Mais velha e autônoma, ela pode, inclusive, participar da construção das regras com os pais, para que não seja uma ordem autoritária, de cima para baixo. “Isso ajuda a desenvolver seu próprio senso de justiça, diferente da mais nova, que cumpre as regras apenas como respeito à autoridade dos cuidadores”, aponta Paula.
Como disciplinar quando for necessário
Ok, mas e quando surge o conflito? Na hora, pergunte a ela o que tem a dizer sobre aquilo e porque está se comportando dessa maneira. Claro que o diálogo é a opção mais adequada, mas vamos combinar que nem sempre só isso resolverá, certo? Nesta situação, não existe uma única conduta, cada família terá seu comportamento, mas o ideal é mostrar que há consequências para a indisciplina.
“Por exemplo, se a criança não recolheu os brinquedos, deixe lá e explique que ela não poderá brincar com eles no dia seguinte e mostre que ninguém fará isso por ela” sugere Daphne. Tirar um passeio do planejamento, deixar um tempo sem TV, sem computador ou alguma outra atividade que o filho goste também pode ajudar a criar esse senso de consequência.
“Mas isso deve ser combinado com o filho antes, porque às vezes a criança nem entende por que está sendo punida. E esses períodos devem ser curtos para que não sejam descumpridos”, ensina Camila. Outra coisa fundamental é que, da mesma maneira que corrigiram, os pais elogiem quando a criança cumprir a regra da próxima vez, e demonstrem satisfação pelo comportamento da criança.
Por último, ser coerente é importante, mas ser flexível eventualmente também. “Recomendo também não disputar autoridade com a criança em coisas muito pequenas.

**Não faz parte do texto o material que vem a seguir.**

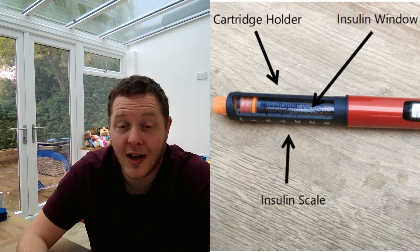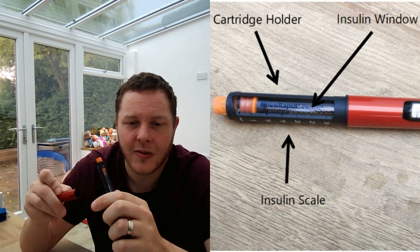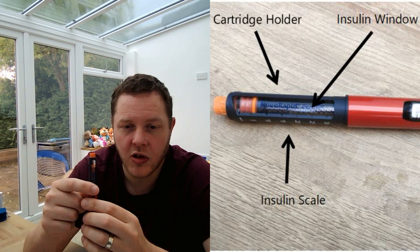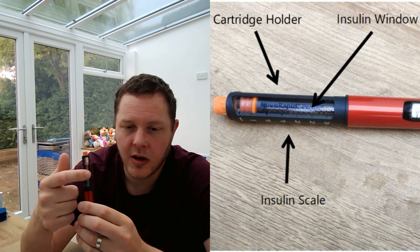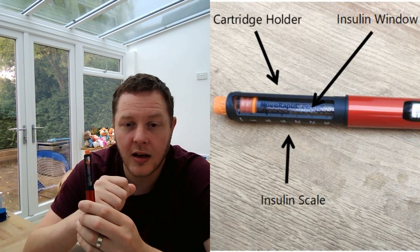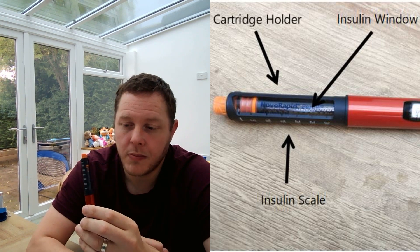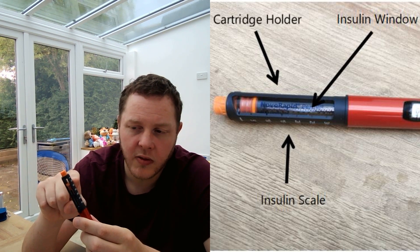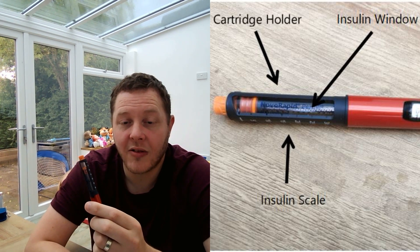Let's get straight into it and look at the Echo Plus. With the pen you've got the pen cap, so you can twist that off, and straight away you can see the cartridge holder that holds the insulin cartridge and connects it to your smart pen. You can also see the insulin window, which is super handy because you are then able to see that you are injecting with the right insulin — and that is so important.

Se ela pediu dois minutos a mais e você pode dar esse tempo, porque não ceder ao invés de financiar um pé de guerra?” reflete Camila.
Desobediência demais é sinal de atenção
Quando a criança é insistentemente desafiadora, muitas vezes há questões além da regra por trás. “Ela pode estar passando por um momento emocional mais difícil ou fragilizada de alguma maneira”, aponta Paula. Para as especialistas ouvidas, comportamentos do tipo estão ligados ao estilo de vida moderno.

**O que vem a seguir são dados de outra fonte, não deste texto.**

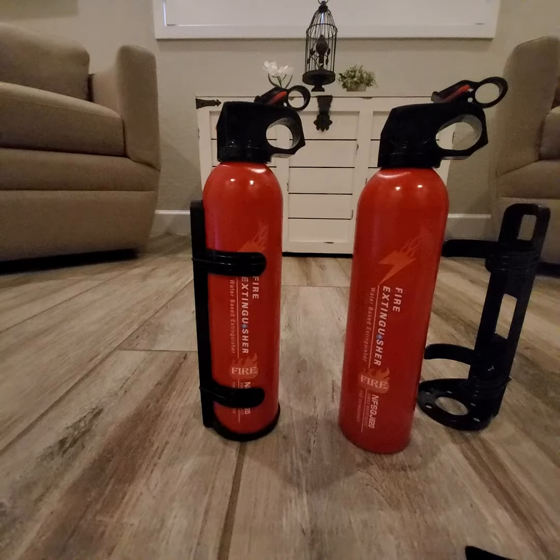Hey everyone, a quick review here for you on these fire extinguishers. You get a set of two, so it's great — you can keep one in your home and then have one when you travel, maybe at a campsite or a camper, possibly a boat.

“Os pais têm pouco tempo disponível, e esse tempo acaba sendo gasto no processo educacional, sempre para cobrar ou impor limites, tornando o ambiente estressante. Em raras ocasiões os pais brincam juntos, dão risada, conversam com os filhos”, diz Camila. Na outra ponta, está a permissividade excessiva para aplacar este distanciamento.
Não é fácil ajustar esses ponteiros, e muitas vezes a vontade de ceder é grande, mas tenha em mente que a disciplina é muito importante para eles. “Todos abrimos mão de desejos, e os filhos precisam aprender isso para viver em sociedade”, destaca Paula.
O que não fazer
Além da própria punição física, outras condutas são desaconselhadas pelos especialistas:
- Usar frases de conotação negativa, como “você nunca faz nada que eu peço”, “você não me respeita”, “já falei mil vezes” e tantas outras, podem prejudicar a autoestima da criança, que depende muito da aprovação dos pais. Que tal tentar, no lugar, um discurso mais positivo, como “Você já fez isso certo antes” e “Eu sei que você é capaz de fazer isso”?

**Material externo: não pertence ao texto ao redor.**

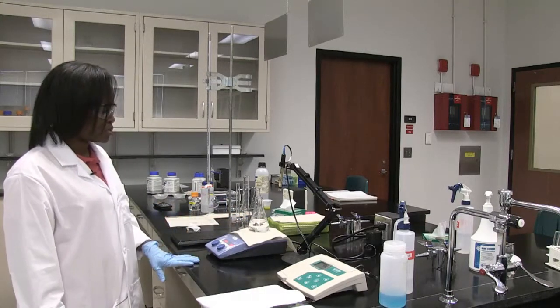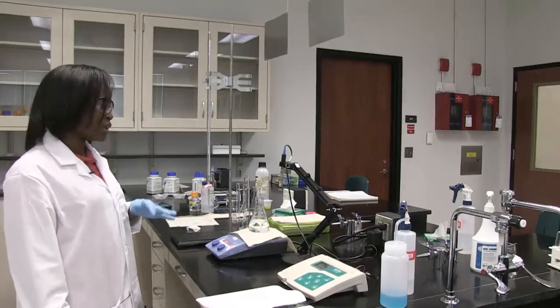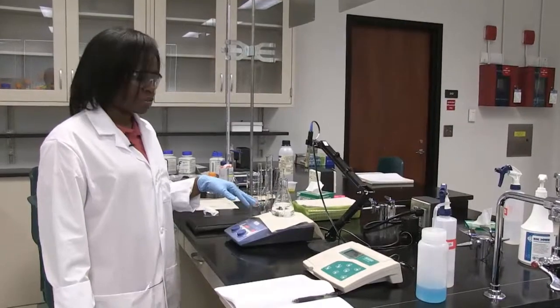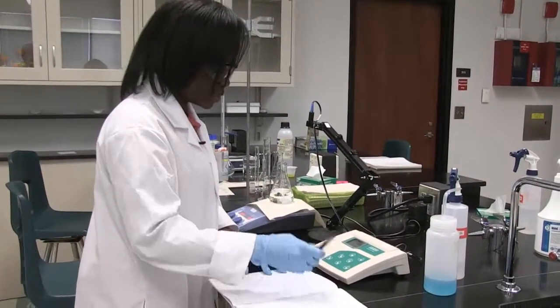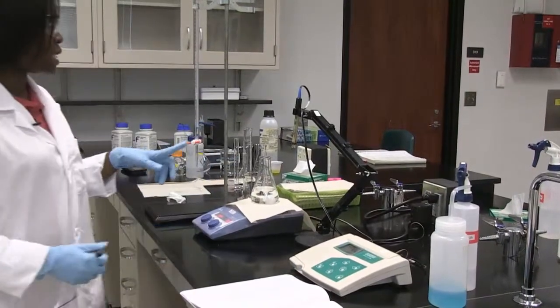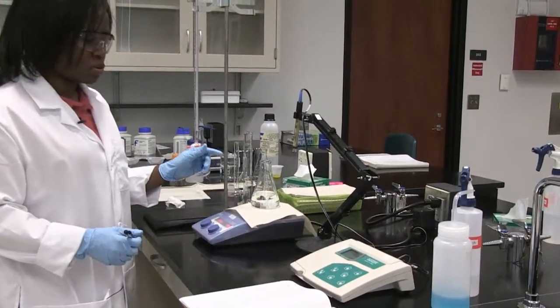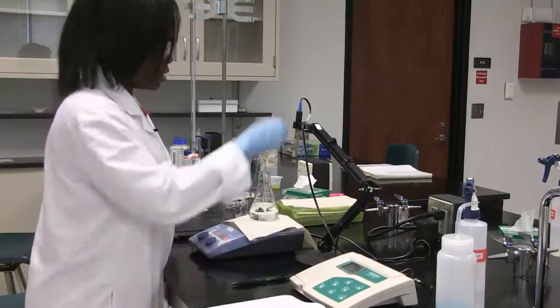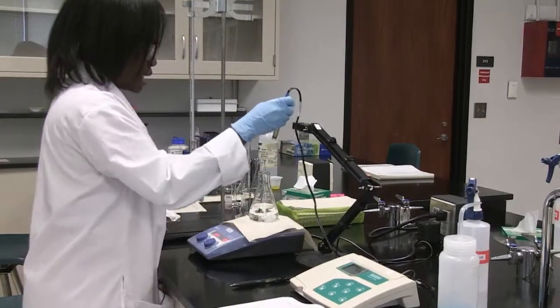The first thing to do is measure the pH before we start any titration — measure the initial pH after you've made the buffer. This is at a volume of zero, because we have not added any base yet. We have to record that initial pH when no base is added.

- Ameaças vazias, como prometer meses sem TV ou apenas dizer “você vai ver só” e o clássico “vou contar até 3”, mais atrapalham do que ajudam. Logo os pequenos percebem que aquilo não será aplicado na prática. O mesmo vale para combinados que são descumpridos.
- Anunciar o castigo quando pais e filhos estão de cabeça quente não é produtivo. Espere todo mundo se acalmar para tomar uma decisão sobre a punição e conversar sobre ocorrido.
- O famoso cantinho do pensamento perdeu seu apelo. “Dificilmente a criança ficará pensando no que fez enquanto estiver isolada em um canto”, comenta Paula.